It doesn’t matter where you are, what you’re doing or with whom you’re speaking — it’s next to impossible to avoid references to Donald Trump these days. From social media to social situations, from televised fiction to telephone conversations, Trump is everywhere. Of course, comics — and especially the super-hero genre — have always served as an escape for the masses.
An even safer bet for refuge in comics are back issues. I’ve been poring over dozens of older comics — dating back a couple of years to a couple of decades — as of late, finding some charming storytelling, some impressive work and some clunkers as well. I’ve been making my way through a stack of old Spectacular Spider-Man issues the last couple of days, enjoying the artistry of Sal Buscema.
And then I hit Page 6 of Spectacular Spider-Man #171, published in late 1990, and I was jolted from my escapist reverie.

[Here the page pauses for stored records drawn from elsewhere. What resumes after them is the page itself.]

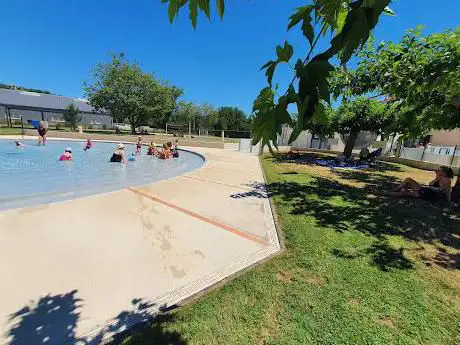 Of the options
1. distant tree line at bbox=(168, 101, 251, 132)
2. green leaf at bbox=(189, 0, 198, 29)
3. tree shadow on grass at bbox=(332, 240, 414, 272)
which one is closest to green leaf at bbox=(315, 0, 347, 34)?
green leaf at bbox=(189, 0, 198, 29)

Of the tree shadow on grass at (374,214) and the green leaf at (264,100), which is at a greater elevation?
the green leaf at (264,100)

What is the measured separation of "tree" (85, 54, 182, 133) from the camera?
41000 millimetres

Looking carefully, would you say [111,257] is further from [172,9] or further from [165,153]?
[165,153]

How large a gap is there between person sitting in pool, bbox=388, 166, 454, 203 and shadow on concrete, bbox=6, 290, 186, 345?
349 inches

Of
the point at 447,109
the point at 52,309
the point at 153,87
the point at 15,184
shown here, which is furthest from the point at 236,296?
the point at 153,87

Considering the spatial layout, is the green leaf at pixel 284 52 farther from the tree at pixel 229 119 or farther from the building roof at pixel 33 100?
the tree at pixel 229 119

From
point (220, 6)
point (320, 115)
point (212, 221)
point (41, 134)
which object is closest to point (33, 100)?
point (41, 134)

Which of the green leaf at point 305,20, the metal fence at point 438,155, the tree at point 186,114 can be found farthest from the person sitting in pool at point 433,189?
the tree at point 186,114

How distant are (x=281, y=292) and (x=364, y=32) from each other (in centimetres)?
327

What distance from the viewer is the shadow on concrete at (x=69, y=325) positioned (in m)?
2.59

The issue is the first part of a climactic confrontation between Spidey and Thomas Fireheart, AKA the Puma, an unusual addition to the webhead’s rogues gallery in that he’s something of an anti-hero: an assassin for hire but also a hero to his Native American tribe.
He’s also a business tycoon who injected himself into Spidey’s life by way of a hostile takeover of The Daily Bugle, which eventually prompted a showdown between the two superhuman characters.
If there’s one thing that can be said of writer Gerry Conway’s and artist Sal Buscema’s run on this title in that era, it’s that they delivered traditional super-hero action and soap-opera drama. Marvel’s also known for efforts to include topical references, and this time, that meant name-dropping a certain rising figure in the New York real-estate scene.
Did you catch that? Maybe the metahuman melee in an office setting distracted you. Here’s the relevant quote at the right (as lettered by Rick Parker), isolated and enlarged for your bemusement. It seems odd to see the spectre of the Donald looming over a super-hero comic, not only before his presidential run but especially ahead of his reality game-show hosting duties.
The only solace I take from the reference is that Spidey only seems to comment on the quality of Trump’s attire. I’m certain Peter Parker would take issue with his politics and antics, and I doubt he’d make such a benign remark about the Orange One today.